Work to complete
Write out exactly the lines below starting at the one containing "Miniatyrbillede 3 af" and ending at the one containing "Men's Cotton Jersey". Omit every picture.
═══ Data supplied
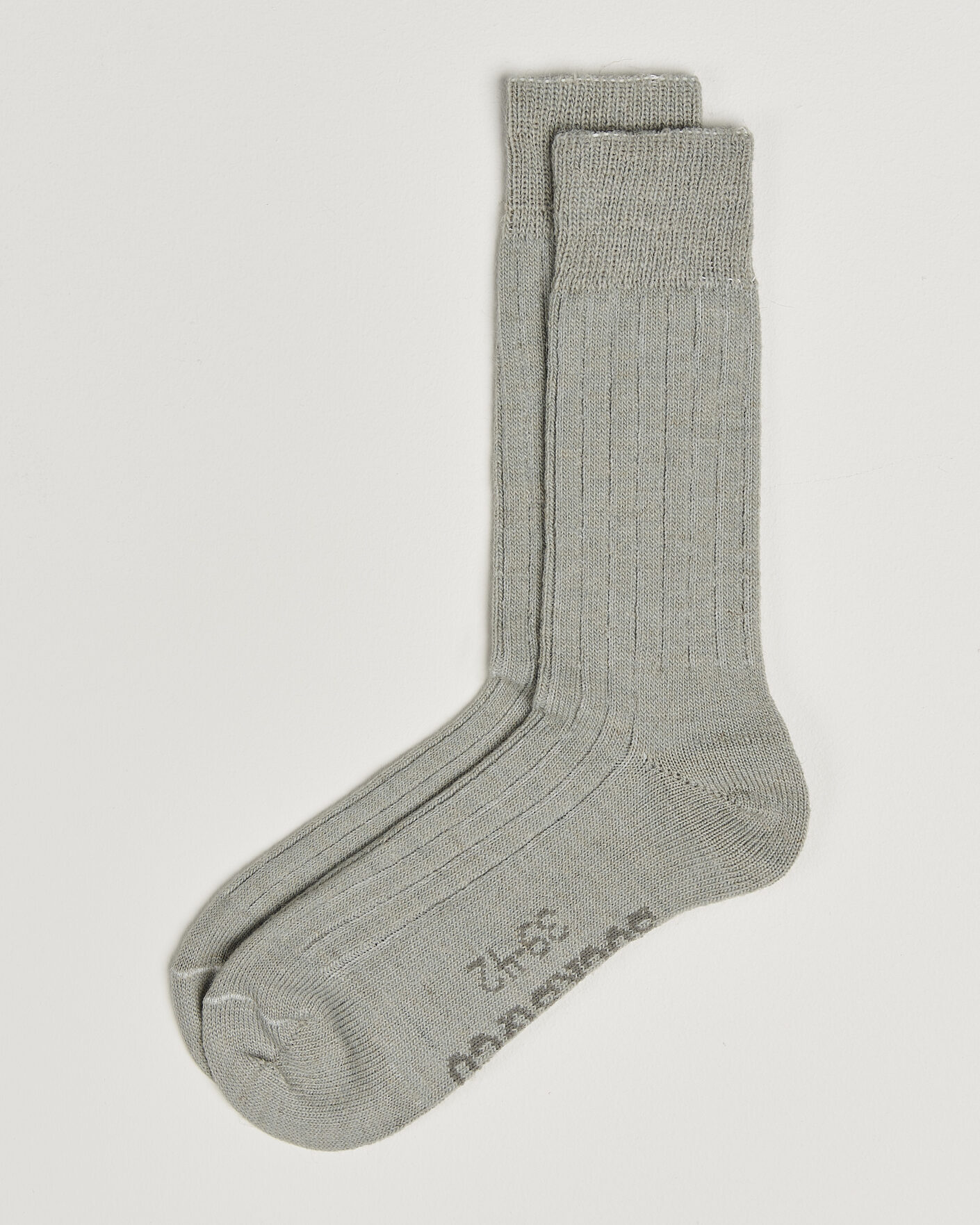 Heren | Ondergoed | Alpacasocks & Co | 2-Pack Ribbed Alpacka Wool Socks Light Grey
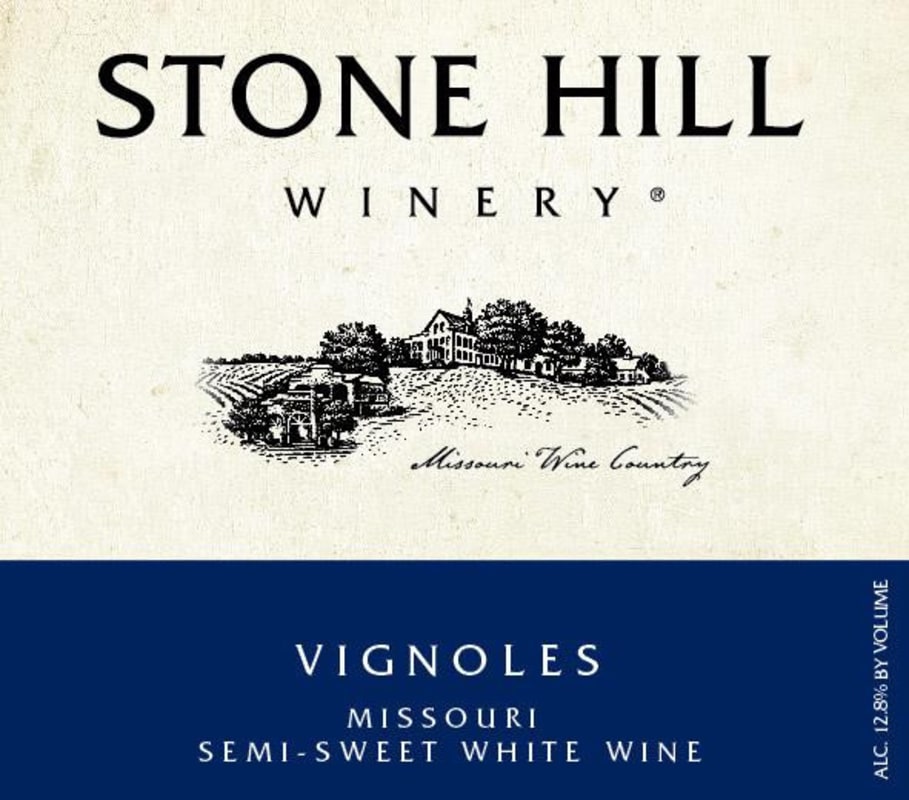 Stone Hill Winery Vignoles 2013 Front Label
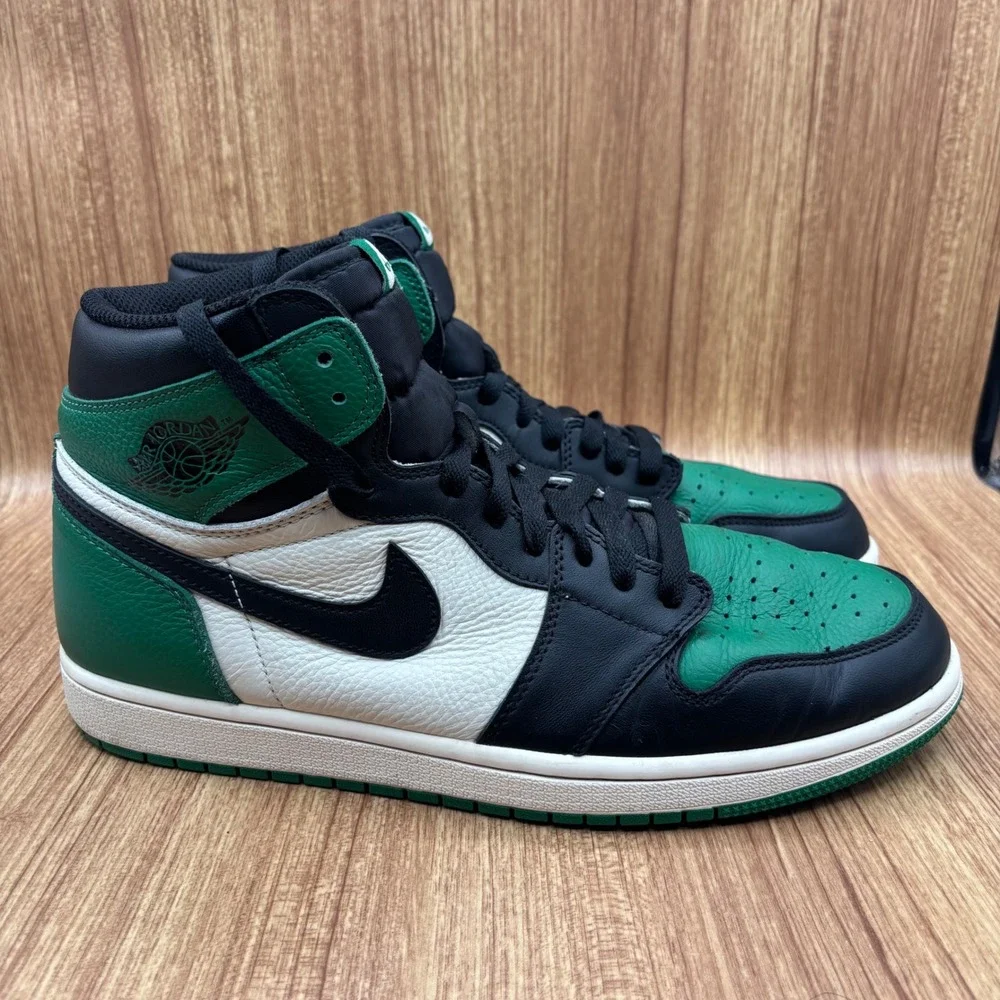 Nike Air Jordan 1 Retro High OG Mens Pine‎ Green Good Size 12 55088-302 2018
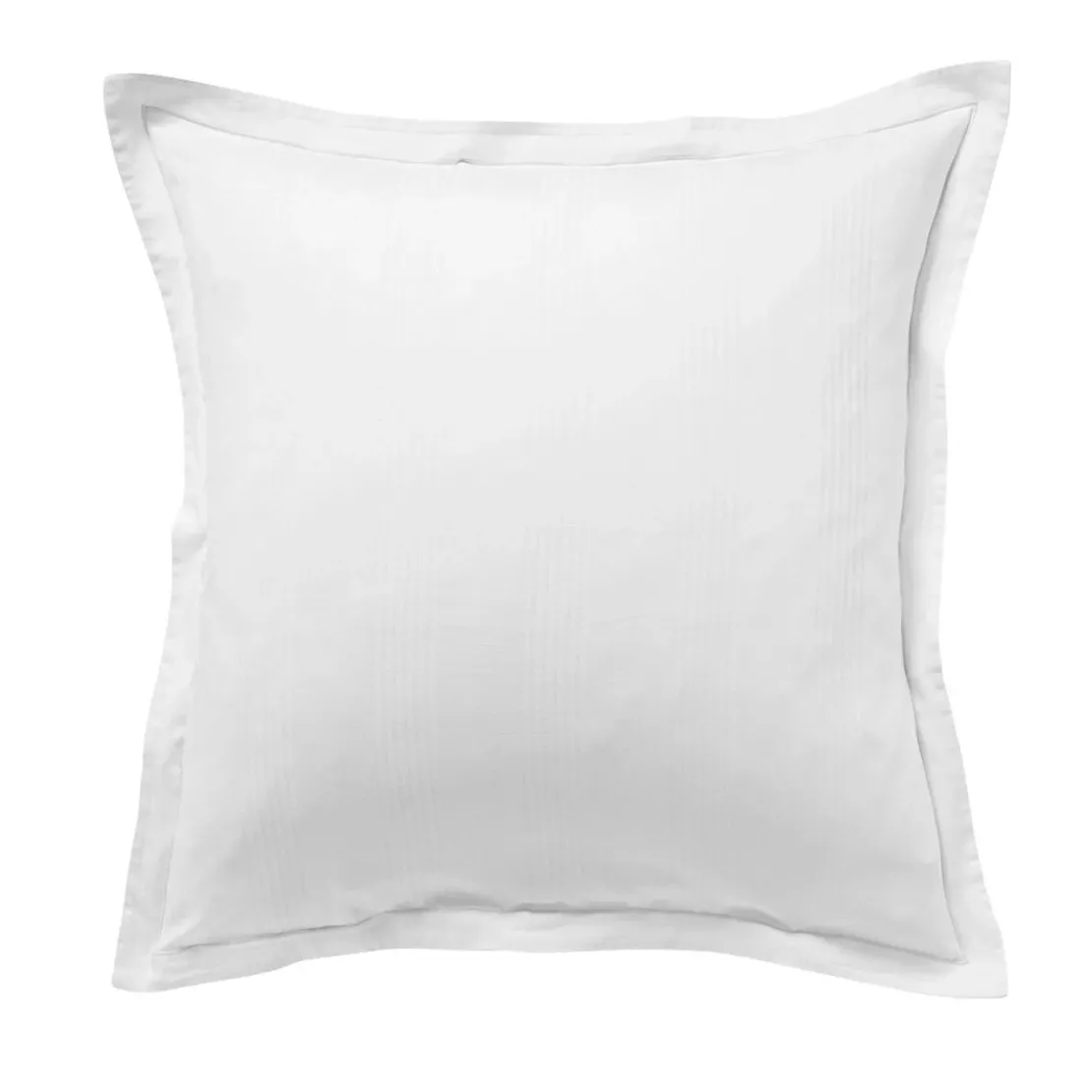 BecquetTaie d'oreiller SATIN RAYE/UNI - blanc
══════
═══ Data supplied
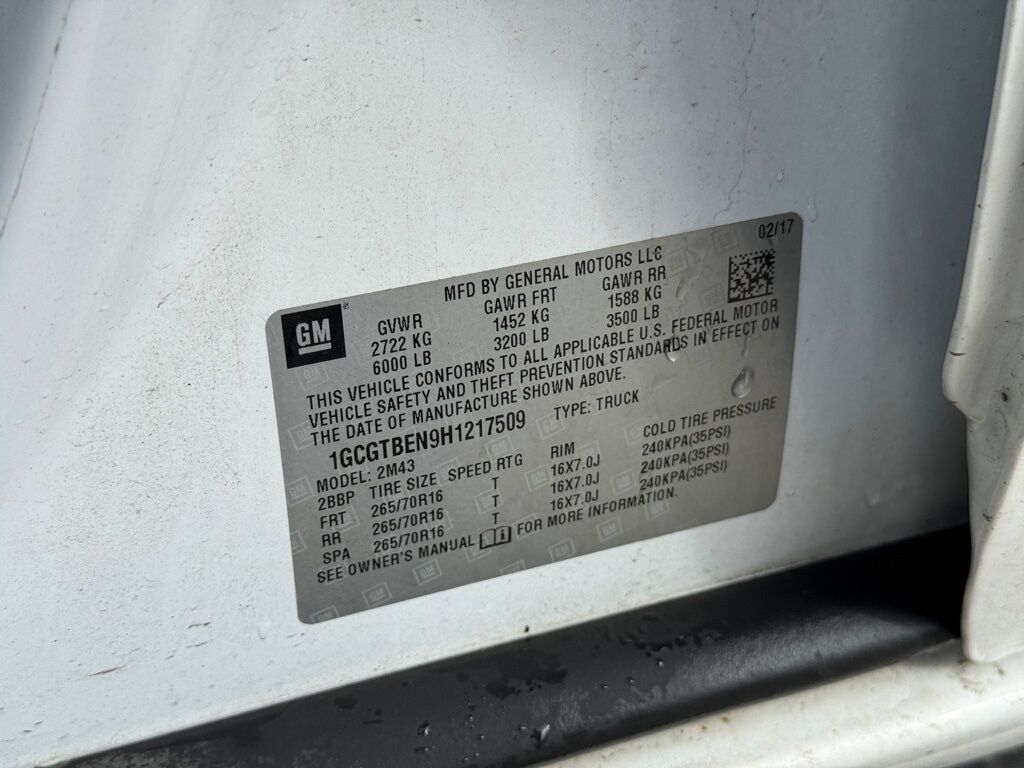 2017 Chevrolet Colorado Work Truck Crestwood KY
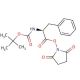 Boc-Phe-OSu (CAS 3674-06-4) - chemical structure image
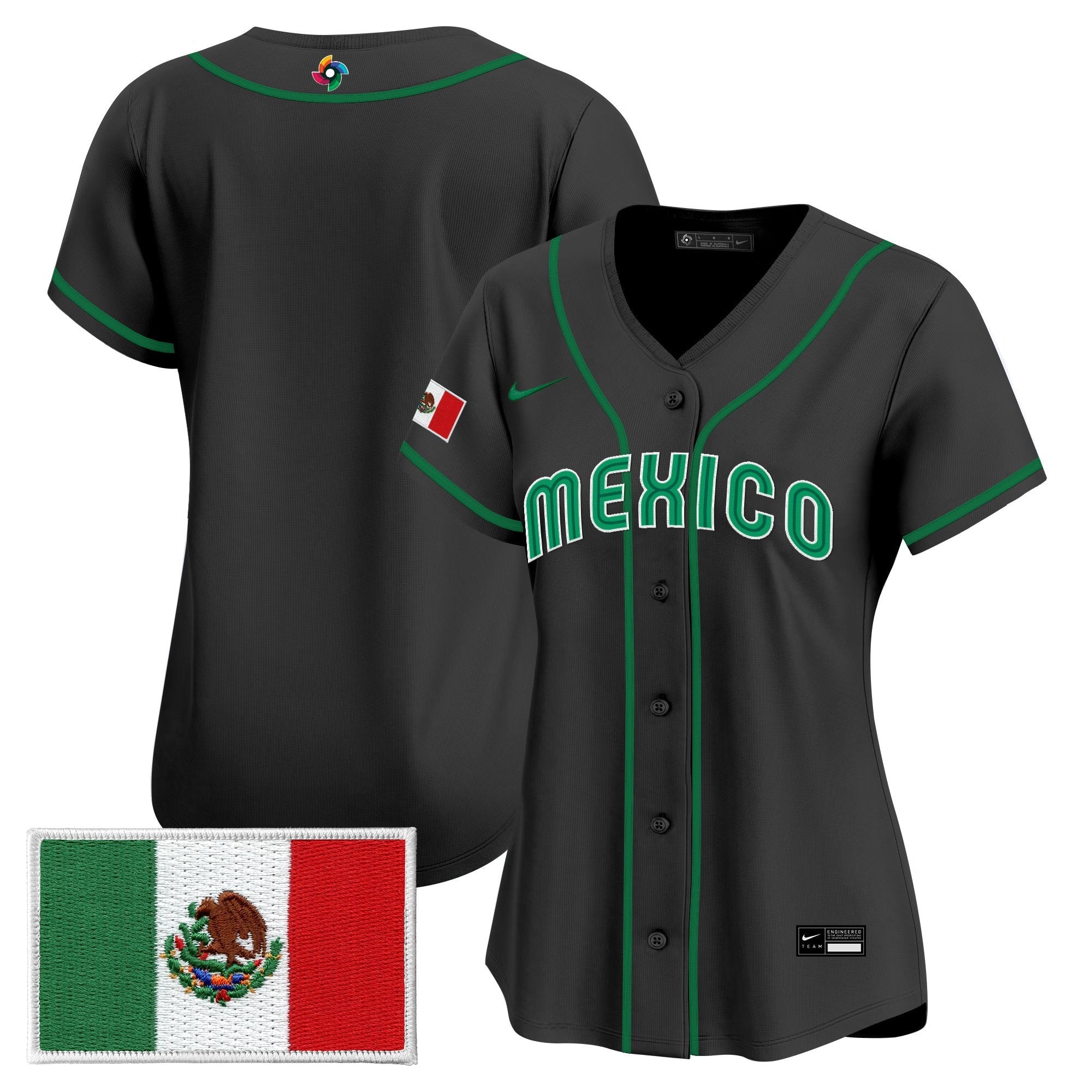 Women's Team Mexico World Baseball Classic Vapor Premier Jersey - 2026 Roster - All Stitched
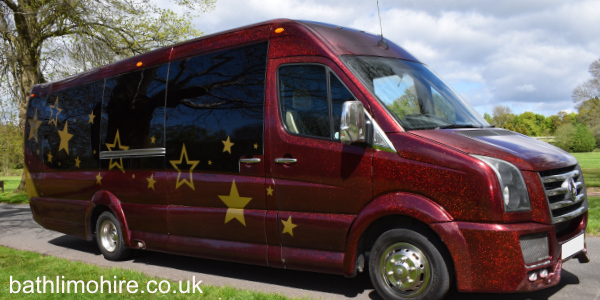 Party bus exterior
══════
═══ Data supplied
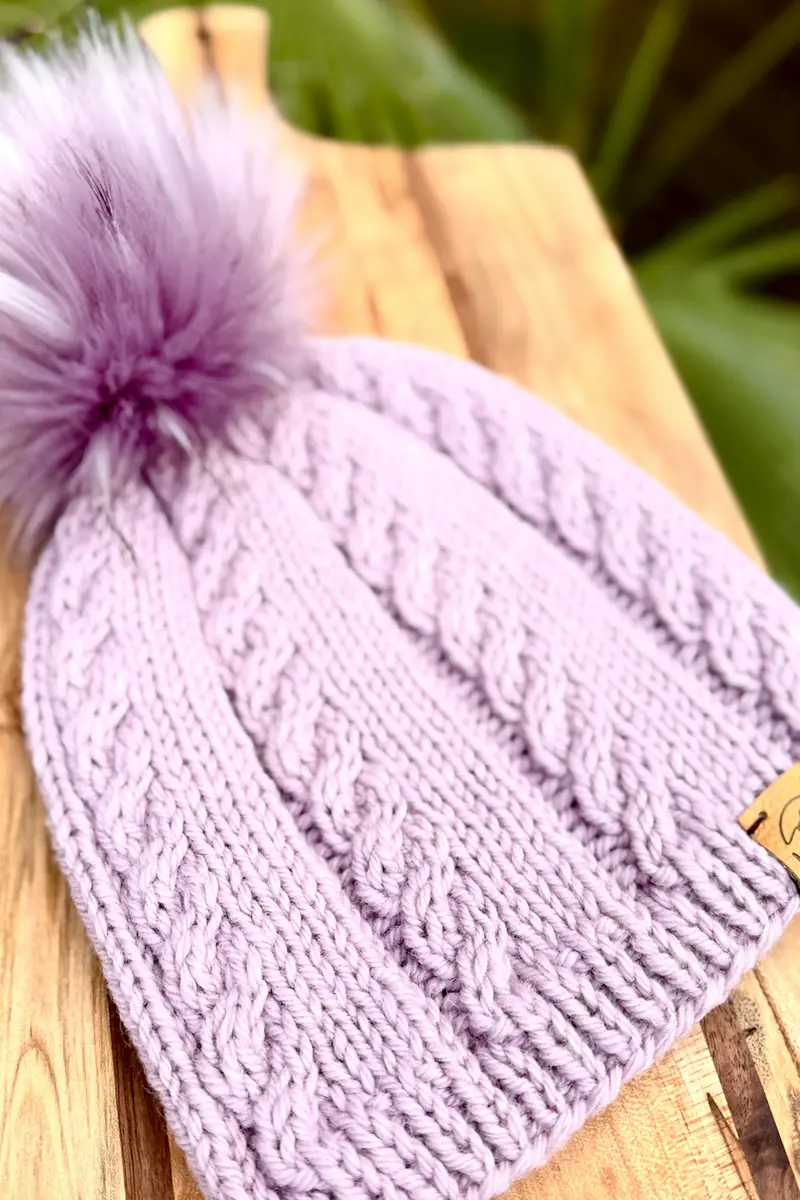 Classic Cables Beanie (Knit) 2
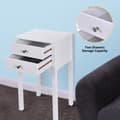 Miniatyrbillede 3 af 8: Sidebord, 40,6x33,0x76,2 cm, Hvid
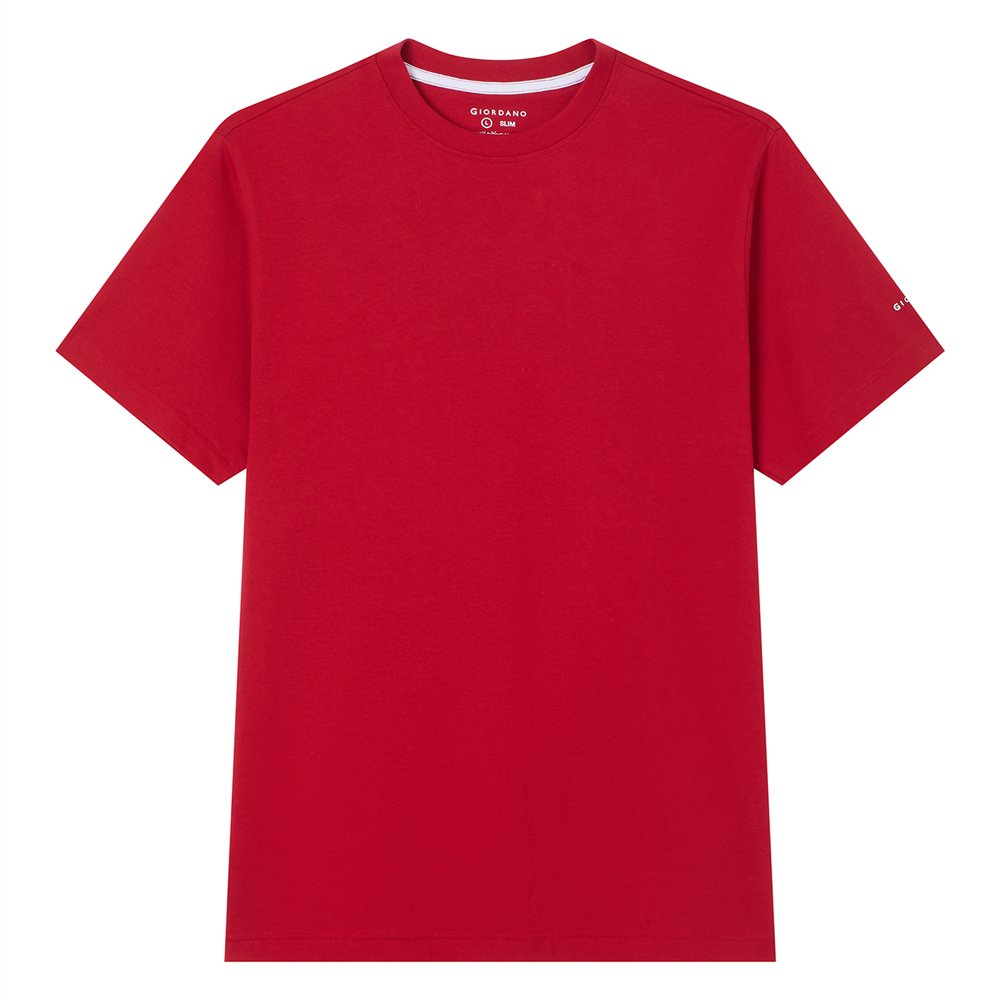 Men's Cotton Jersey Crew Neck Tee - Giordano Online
══════
Answer box
 Miniatyrbillede 3 af 8: Sidebord, 40,6x33,0x76,2 cm, Hvid
 Men's Cotton Jersey Crew Neck Tee - Giordano Online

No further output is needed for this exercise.